Your assignment: In the listing that follows, count the lines that include "gives", and answer with the total alone.

---------- Records supplied ----------

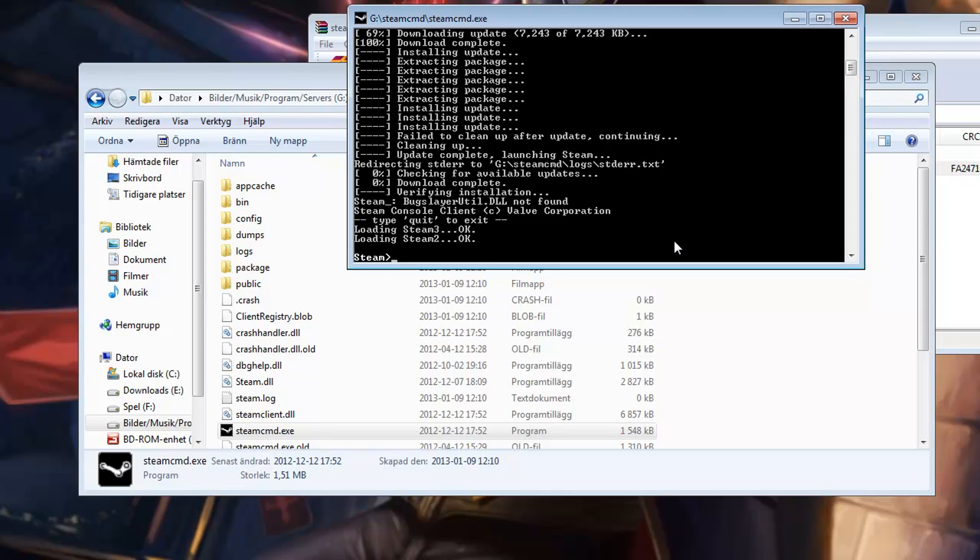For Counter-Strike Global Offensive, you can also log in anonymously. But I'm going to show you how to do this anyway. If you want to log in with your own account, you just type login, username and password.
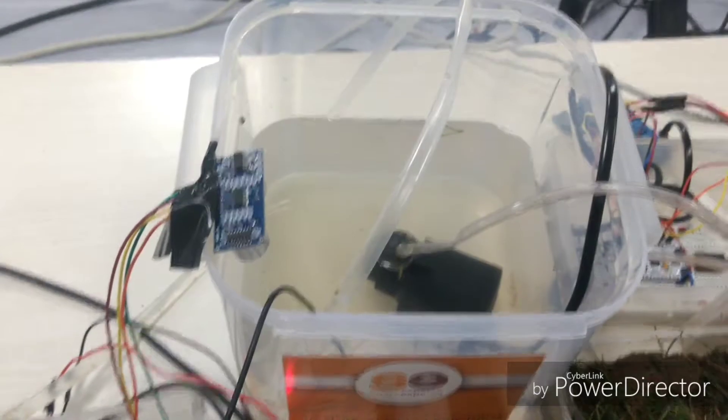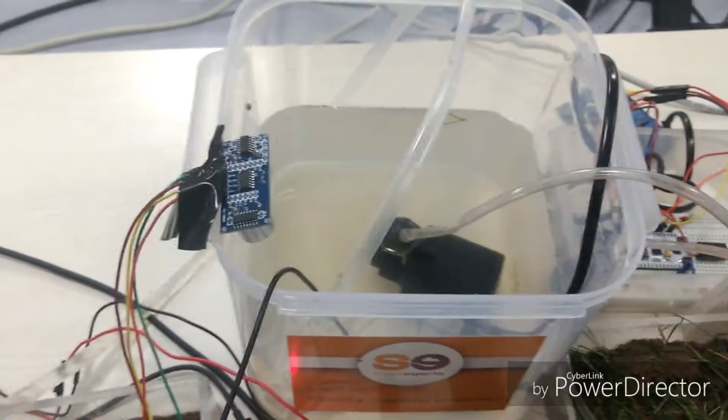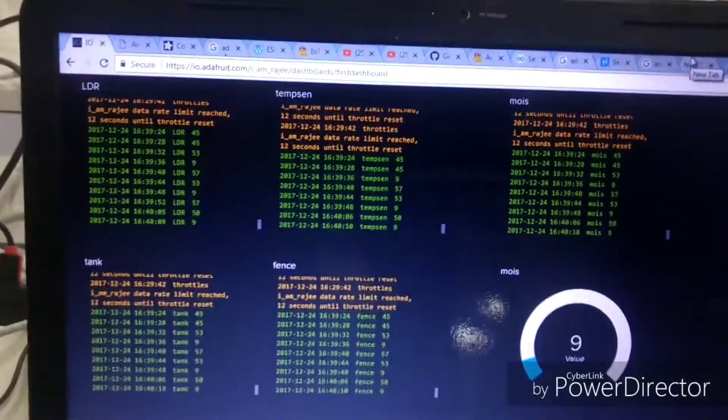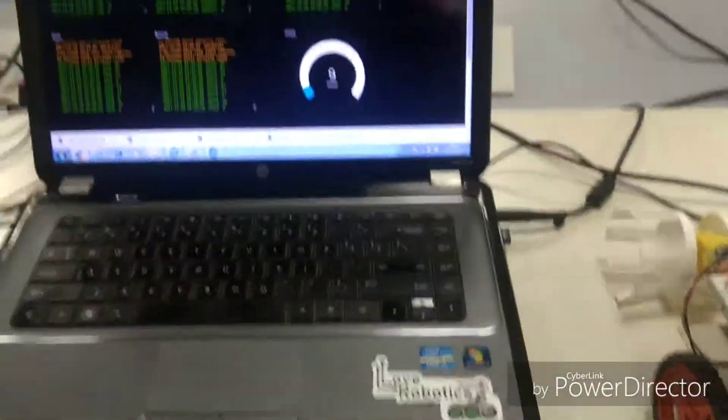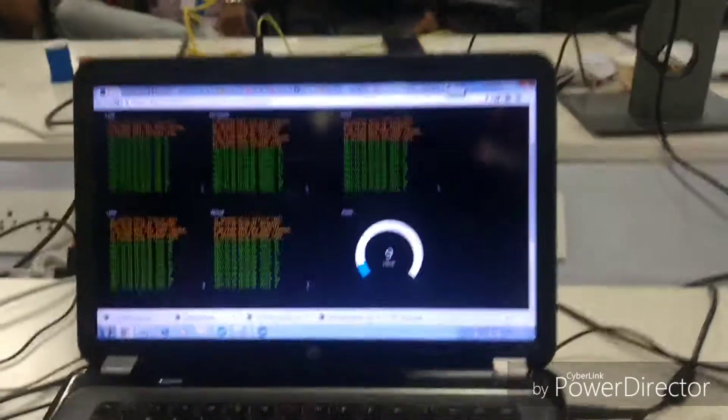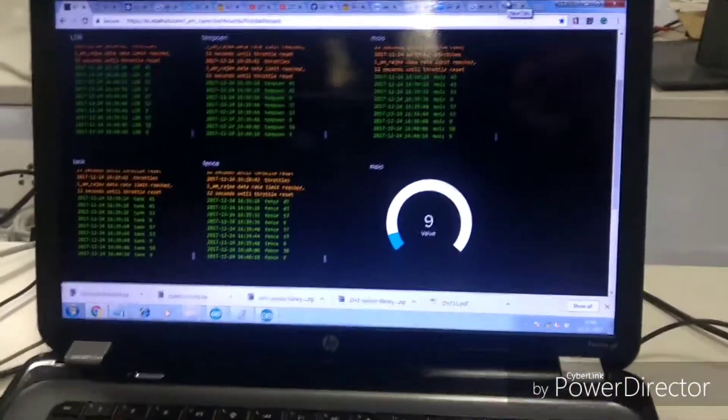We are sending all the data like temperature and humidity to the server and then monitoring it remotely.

----------
---------- Records supplied ----------

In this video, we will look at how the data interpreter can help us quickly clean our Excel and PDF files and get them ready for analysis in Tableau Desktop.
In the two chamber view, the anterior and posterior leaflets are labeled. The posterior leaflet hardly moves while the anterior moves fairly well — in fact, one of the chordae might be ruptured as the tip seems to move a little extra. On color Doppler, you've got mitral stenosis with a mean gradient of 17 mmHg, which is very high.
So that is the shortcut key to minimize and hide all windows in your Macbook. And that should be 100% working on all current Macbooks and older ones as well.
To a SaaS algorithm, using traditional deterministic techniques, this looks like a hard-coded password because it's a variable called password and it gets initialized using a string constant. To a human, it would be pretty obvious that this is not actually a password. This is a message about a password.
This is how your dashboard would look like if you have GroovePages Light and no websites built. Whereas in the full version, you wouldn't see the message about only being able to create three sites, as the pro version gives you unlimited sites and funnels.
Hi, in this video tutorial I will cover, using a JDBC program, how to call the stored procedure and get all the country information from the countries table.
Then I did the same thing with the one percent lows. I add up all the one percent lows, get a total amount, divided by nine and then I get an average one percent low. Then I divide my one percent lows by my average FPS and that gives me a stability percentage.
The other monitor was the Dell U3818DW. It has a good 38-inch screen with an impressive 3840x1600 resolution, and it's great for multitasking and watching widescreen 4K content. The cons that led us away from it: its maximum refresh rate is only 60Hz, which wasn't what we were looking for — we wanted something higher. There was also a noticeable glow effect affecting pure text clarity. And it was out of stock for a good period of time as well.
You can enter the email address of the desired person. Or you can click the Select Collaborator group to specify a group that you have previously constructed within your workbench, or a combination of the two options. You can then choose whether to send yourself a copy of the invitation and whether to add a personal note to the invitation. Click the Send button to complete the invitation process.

----------

Result: 2